Hoy se cumplen dos años de su inesperada desaparición. La reciente publicación de un libro de una de las personas que mejor lo conoció, “Una vocación de editor” de Ignacio Echevarría, publicado por Gris Tormenta, ayuda un poco más a fijar la huella dejada por López Lamadrid. Con Echevarría y algunas de las personas que lo conocieron y trabajaron con el editor, ha querido hablar este diario, tratando de aclarar una pregunta: ¿cuál es su legado? Es el autor de “Una vocación de editor” quien primero nos responde a esa pregunta asegurando que “el principal legado de Claudio, pienso, es su resuelta apuesta por la integración del mercado hispánico del libro. Una dirección en la que quedaba aun mucho por hacer cuando él murió. Del talento que sus continuadores demuestren para prolongar su camino, derivará la mayor o menor influencia del legado de Claudio como editor, que en cualquier caso es importante como modelo. Por supuesto que él se tomaba a si mismo como preceptor, y en eso se fundaba su aprecio al oficio de editor. Le gustaba la perspectiva tanto de saber detectar como de marcar marcar tendencias, ponerlas en circulación y, llegado el caso, potenciar unas sobre otras”.
Por su parte, Miguel Aguilar, actual responsable del sello Literatura Random House que dirigió López Lamadrid, apunta que “hay dos tipos de legado, uno más evidente, el sello LRH, el sello Caballo de Troya, el sello Reservoir Books, la colección Poesía Portátil, el “Mapa de las lenguas” que permite la circulación de libros y autores por todo el espacio del castellano. Otro, más opaco, que son todos los libros que sacó, todos los autores con que trabajó, todos aquellos que aprendimos de él. Creo que ambos legados son indiscutibles”. Luna Miguel, en su doble condición de escritora y haber sido editora invitada del sello Caballo de Troya, sostiene que “podemos hablar de un doble legado: tanto el público como el íntimo. En cuanto al público, la apuesta por la transversalidad de un catálogo: en cuanto a géneros literarios, en cuanto a generaciones y edades de lxs autorxs publicadxs, en cuanto a la procedencia geográfica de sus voces y también en cuanto a la apuesta por nuevos talentos conjugado con firmas míticas de la literatura universal. Podría parecer una suerte de “indefinición”, pero cuando leemos lo que dejó, entendemos perfectamente esta voluntad transversal y plural de su conformación de un catálogo. Y sobre la herencia íntima: él me enseñó la importancia del vínculo honesto entre editor/a y autor/a”.
Hasta ahora hemos hablado de un legado literario y en esto es clave un trabajo de editor que bebe de la tradición anglosajona, aquel que se preocupa de los mínimos detalles: desde la preparación del texto apoyando en todo momento al autor pasando por la promoción posterior del libro.
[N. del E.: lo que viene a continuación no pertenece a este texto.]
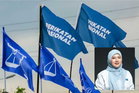'BN-PN resorting to outdated political narratives that divide society' — AMK
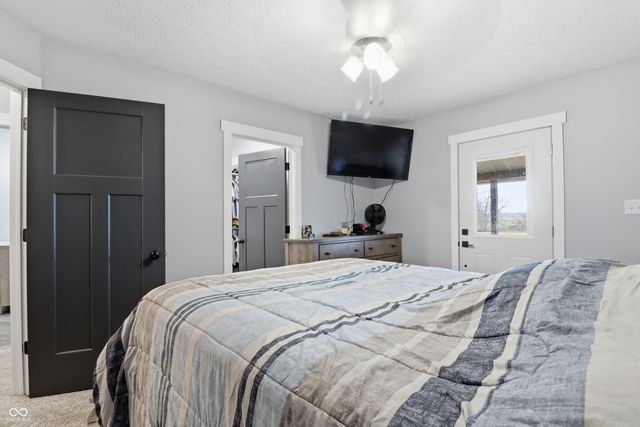 4665 S Mauxferry Road, Franklin, IN 46131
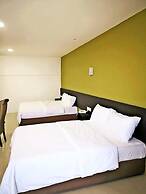Comfort Inn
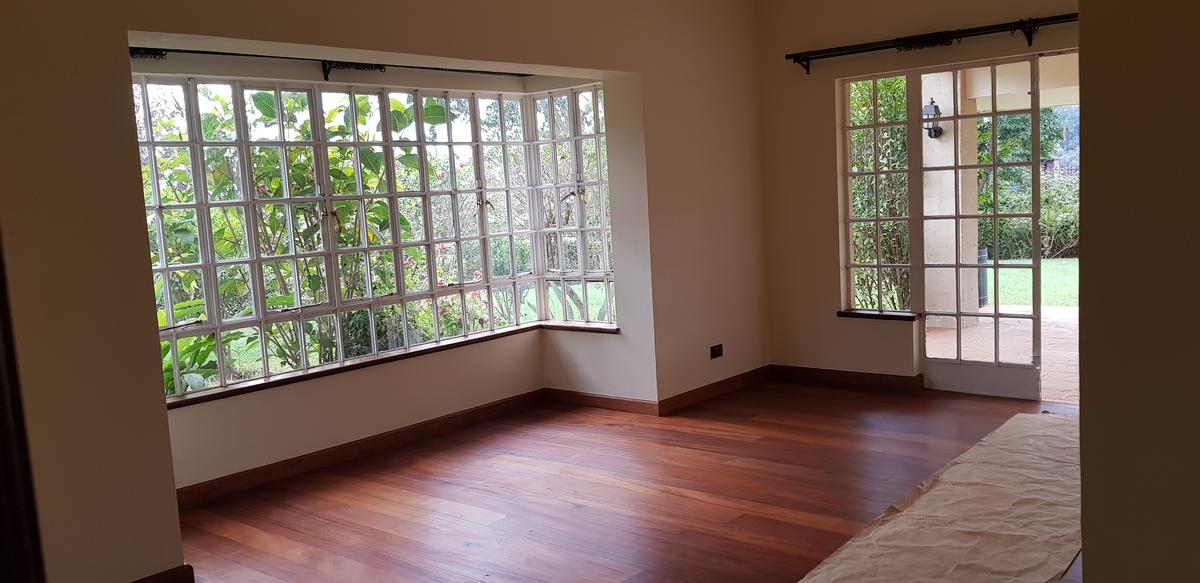 6 Bed House with En Suite at Kinanda Road - 11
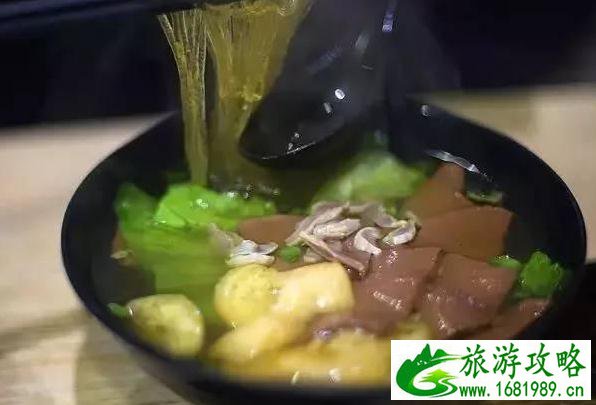 湖州有什么好吃的 湖州美食介绍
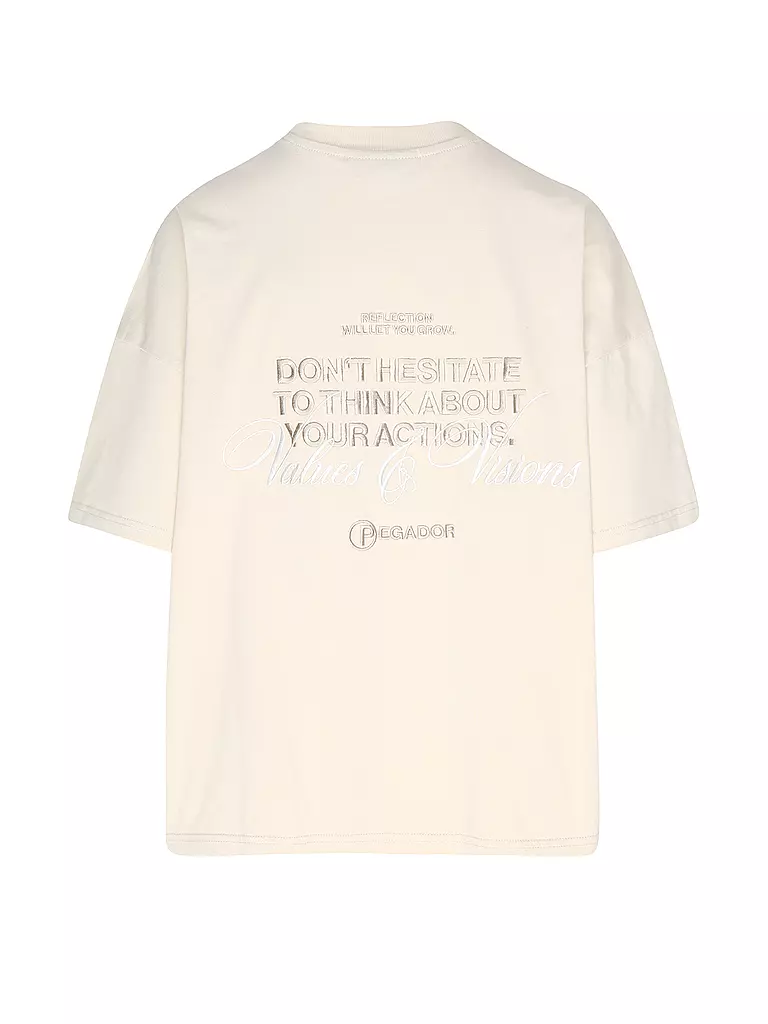 PEGADOR | Camiseta LINA |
De nuevo Echevarría toma la palabra y aclara que “Claudio se formó como editor de mesa, como éditor en el sentido anglosajón. Nunca perdió el gusto por la dimensión artesanal del hacer libros. Su propia trayectoria lo apartó de esas tareas, pero siempre las añoró, y hasta donde pudo veló por la dignidad material de los libros y la necesidad de cuidarlos, a ellos y a sus autores”.
Ese amor por el oficio es el que quiso también transmitir a aquellos que estuvieron a su lado. A este respecto, Miguel Aguilar recuerda que “a Claudio le gustaba rodearse de buenos colaboradores, los mejores que podía, era un gran creador de equipos. Le encantaba su trabajo y lo demostraba, eso hacía que trabajar con él fuera muy reconfortante. “Lo único que tiene un editor son sus autores”, decía. Tenía una impresionante capacidad para cambiar de opinión, y defender la nueva con la misma vehemencia con que presentaba la antigua. Le importaba mucho publicar libros buenos. Le encantaba probar cosas nuevas; le gustaba el cambio, de hecho. No sé qué aprendí ni que qué pasos seguí; sí conozco la magnitud de mi deuda”. En esta línea, Luna Miguel añade que “de él he aprendido ese cariño hacia el vínculo honesto, ese trabajo por ser tan amiga como editora de mis autorxs. Entender la voz para entender el texto, y viceversa. Creo que él era muy paternal, y yo siempre he sido muy maternal, por lo tanto lo que hizo Claudio fue ayudar a elevar esa potencia cuidadora que, creo, ha terminado por caracterizar nuestro trabajo”.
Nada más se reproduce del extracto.